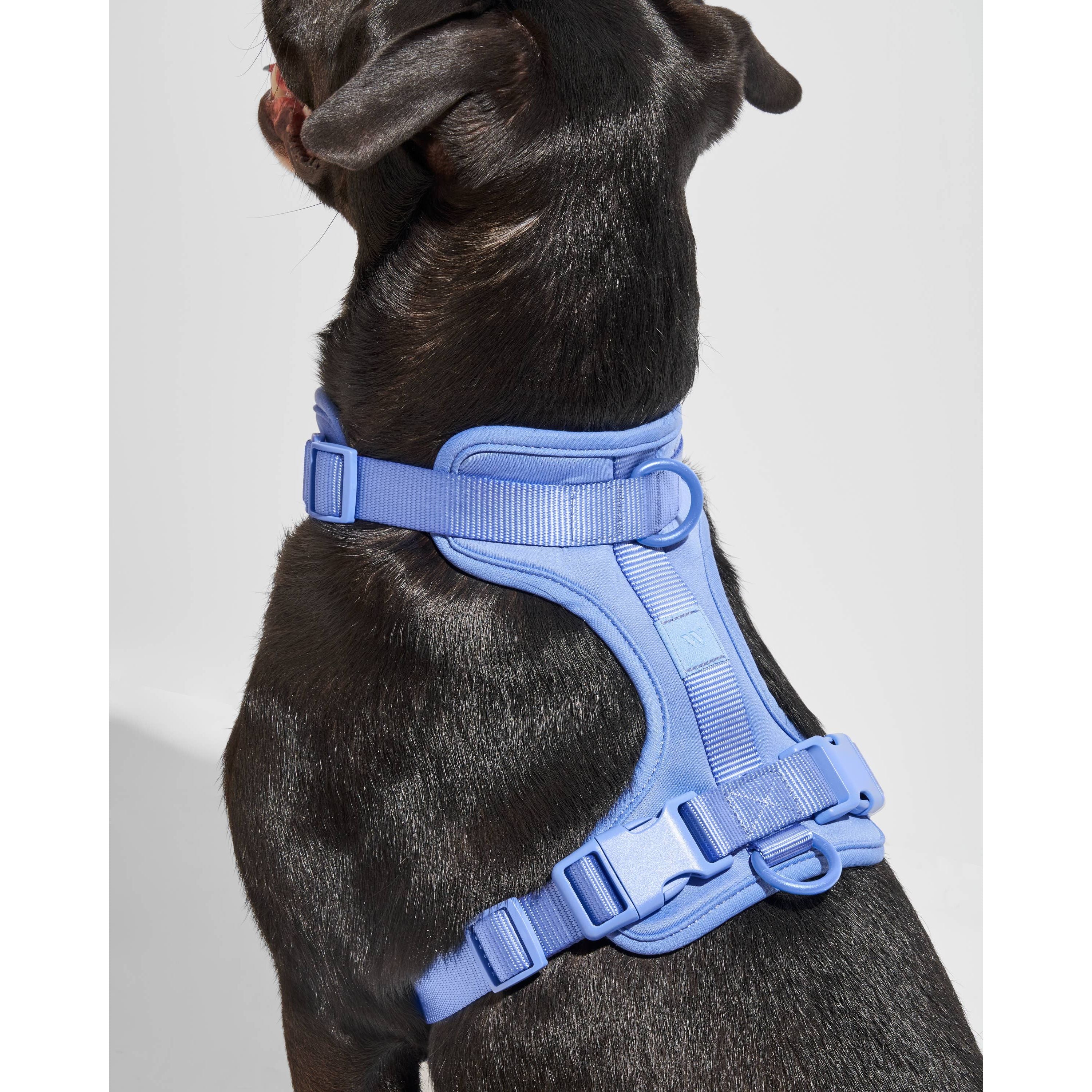 Wild One Adjustable Comfort Dog Harness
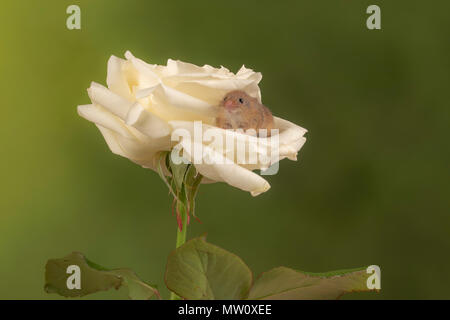 havest mouse on a white rose in a studio background Stock Photo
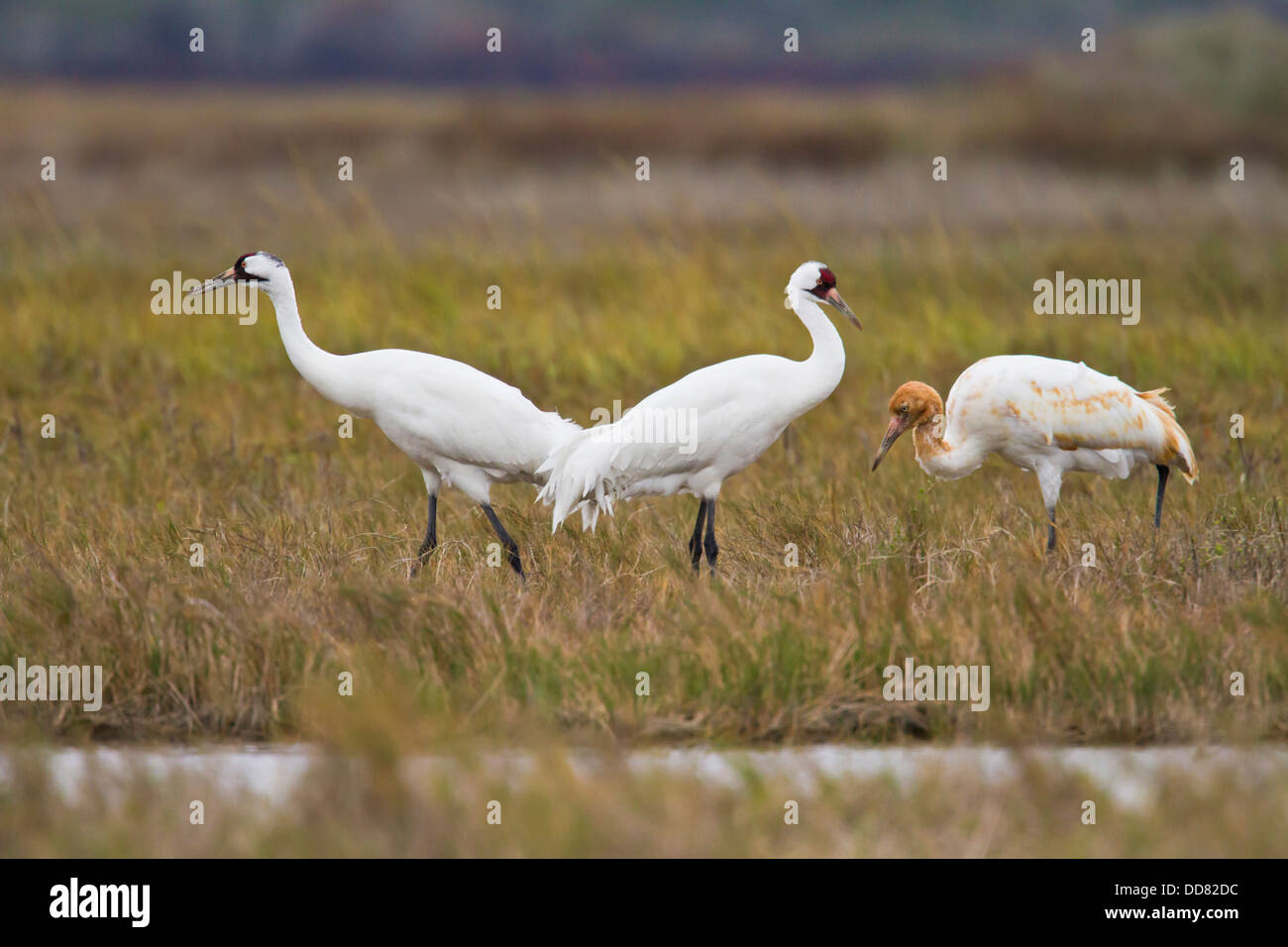 Whooping Crane (Grus americana) family feeding, Texas, USA. Stock Photo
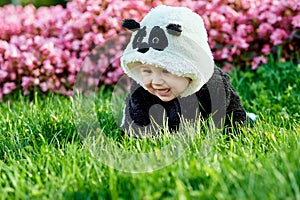 Cute baby boy wearing a Panda bear suit sitting in grass and flowers at park.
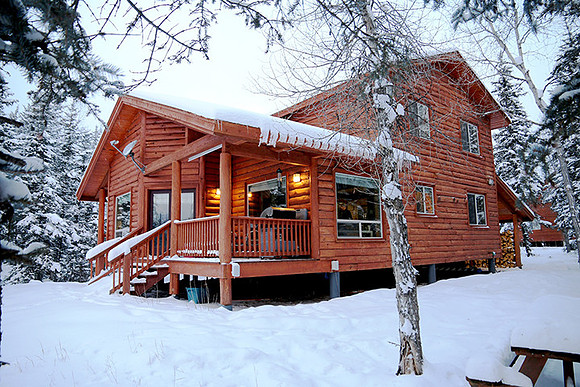 Cabin in the woods
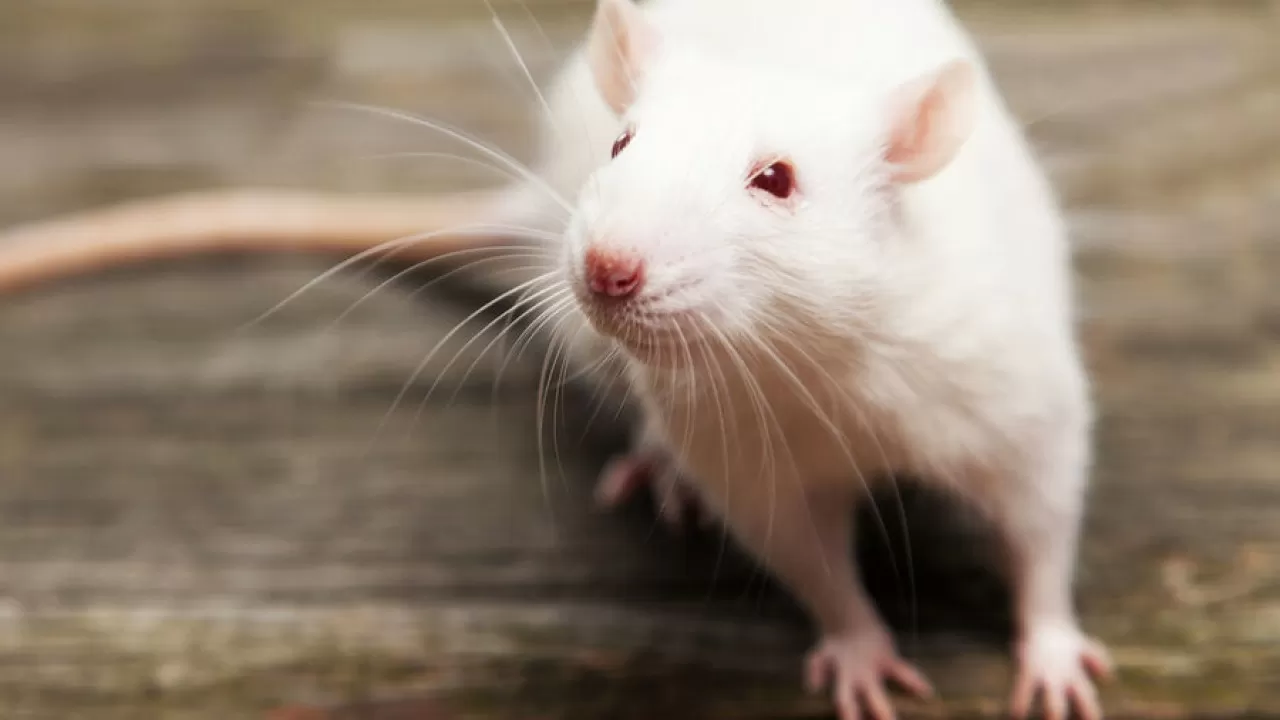 В Испании выявили десятки случаев крысиного гепатита у людей 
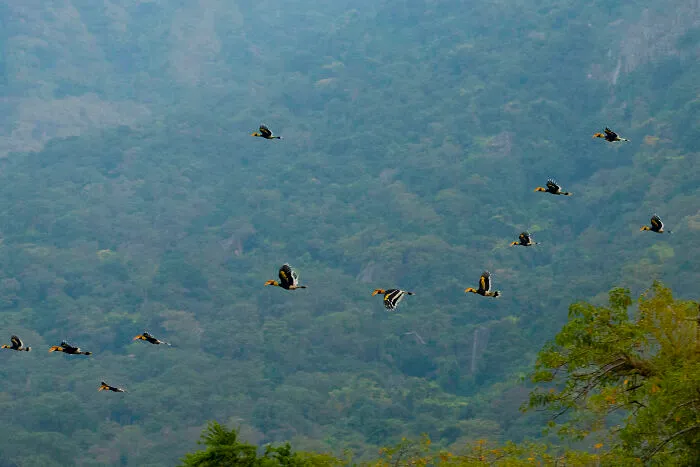 I Took Unique Photos Of Great Hornbills In India (8 Pics)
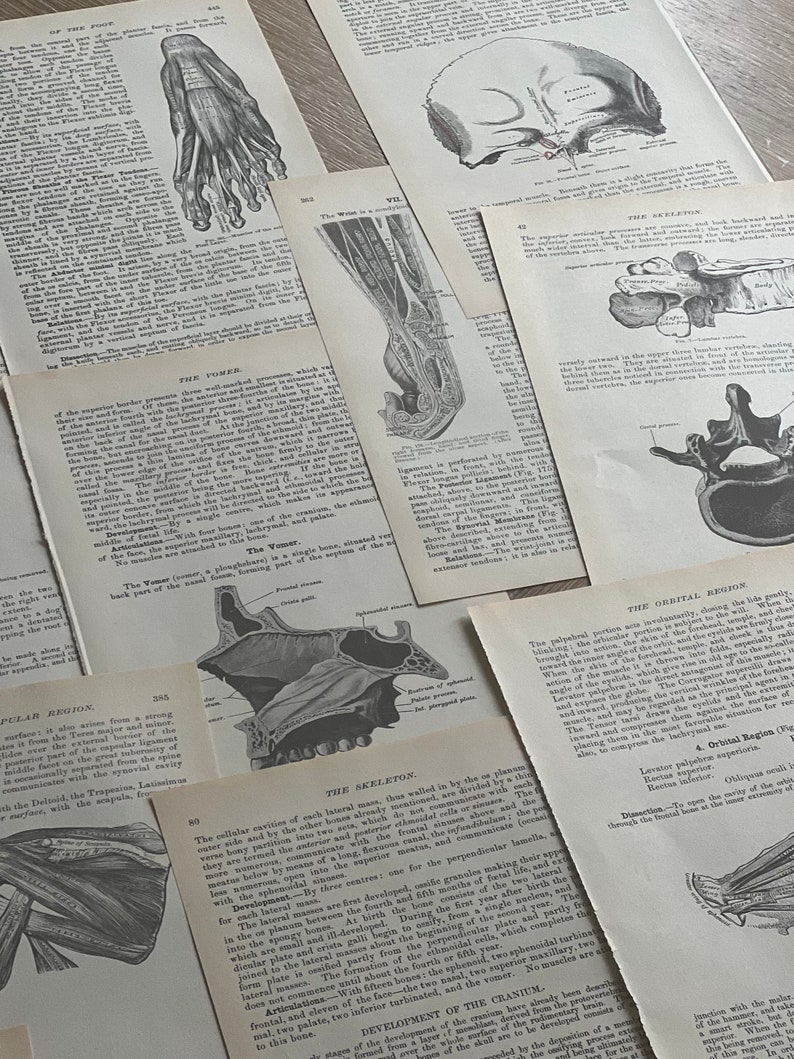 May include: Close-up of anatomical illustrations from a vintage medical textbook. The images depict the bones of the foot, the wrist, the skull, and the nasal cavity. The text describes the bones and their functions.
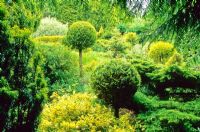 The Yellow Garden. Cae Hir Garden, Cribyn, Ceredigion. June. Garden open to the public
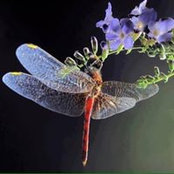 Shari Sharp's photo
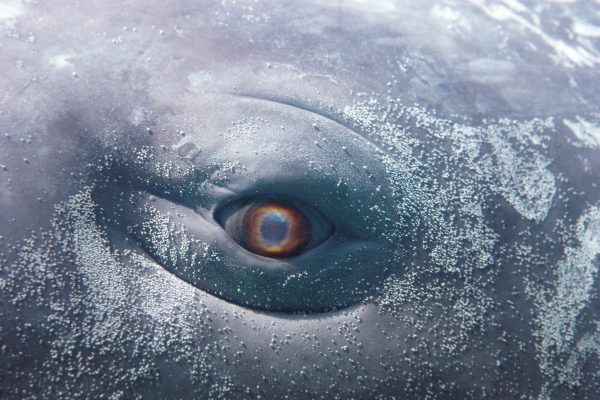 Close up of a whale's eye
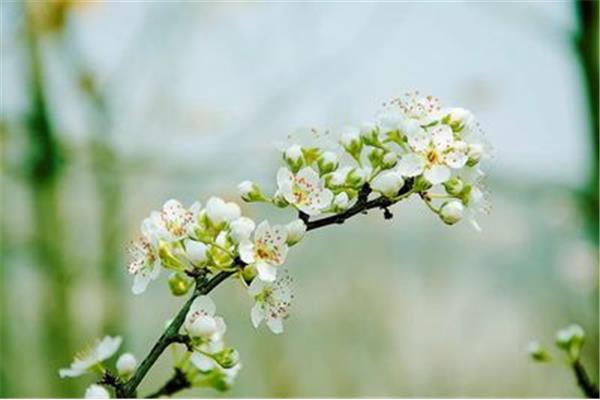 摘抄春天优美句子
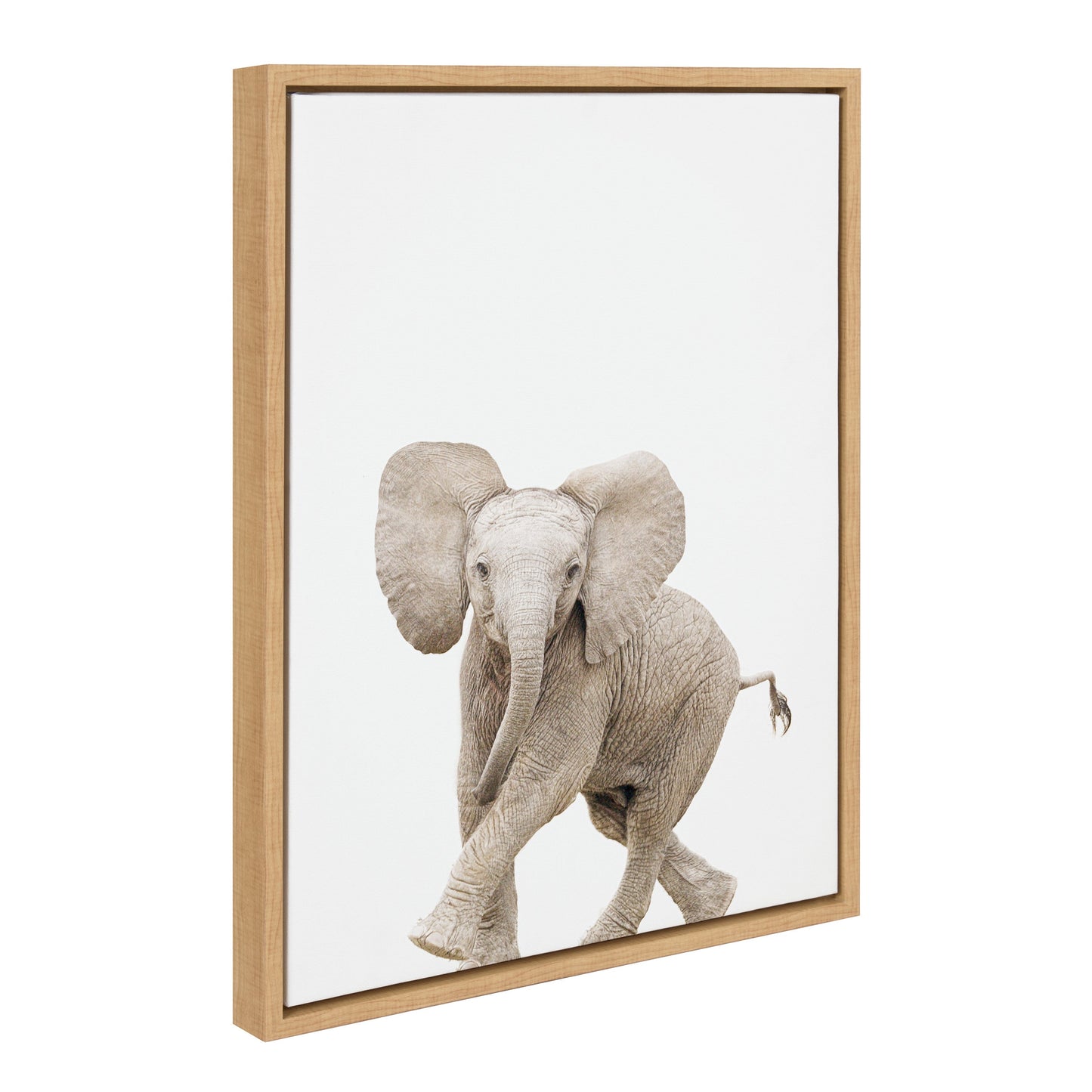Sylvie Baby Elephant Walk Framed Canvas by Amy Peterson Art Studio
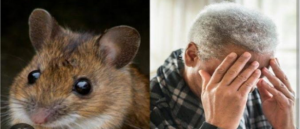 Choosing the right model for alzheimer's disease study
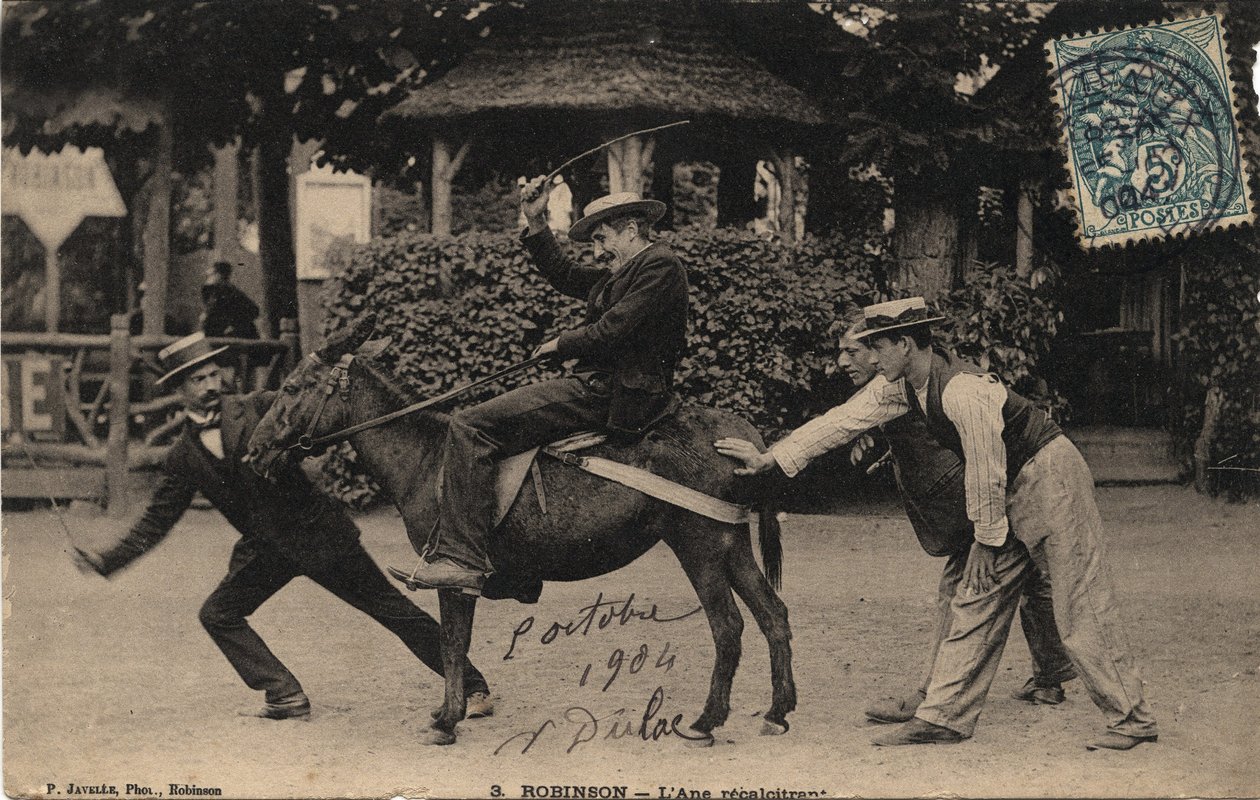 Donkey Tetu and Recalcitrant - Vykort daterat 1904 av Unbekannt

# # # # #

TASK: Transcribe only the lines between the line containing "Cabin in the woods" and the final line of the listing, inclusive, exactly as they appear; no pictures are to be included.

REPLY TO THE TASK:
 Cabin in the woods
 В Испании выявили десятки случаев крысиного гепатита у людей 
 I Took Unique Photos Of Great Hornbills In India (8 Pics)
 May include: Close-up of anatomical illustrations from a vintage medical textbook. The images depict the bones of the foot, the wrist, the skull, and the nasal cavity. The text describes the bones and their functions.
 The Yellow Garden. Cae Hir Garden, Cribyn, Ceredigion. June. Garden open to the public
 Shari Sharp's photo
 Close up of a whale's eye
 摘抄春天优美句子
Sylvie Baby Elephant Walk Framed Canvas by Amy Peterson Art Studio
 Choosing the right model for alzheimer's disease study
 Donkey Tetu and Recalcitrant - Vykort daterat 1904 av Unbekannt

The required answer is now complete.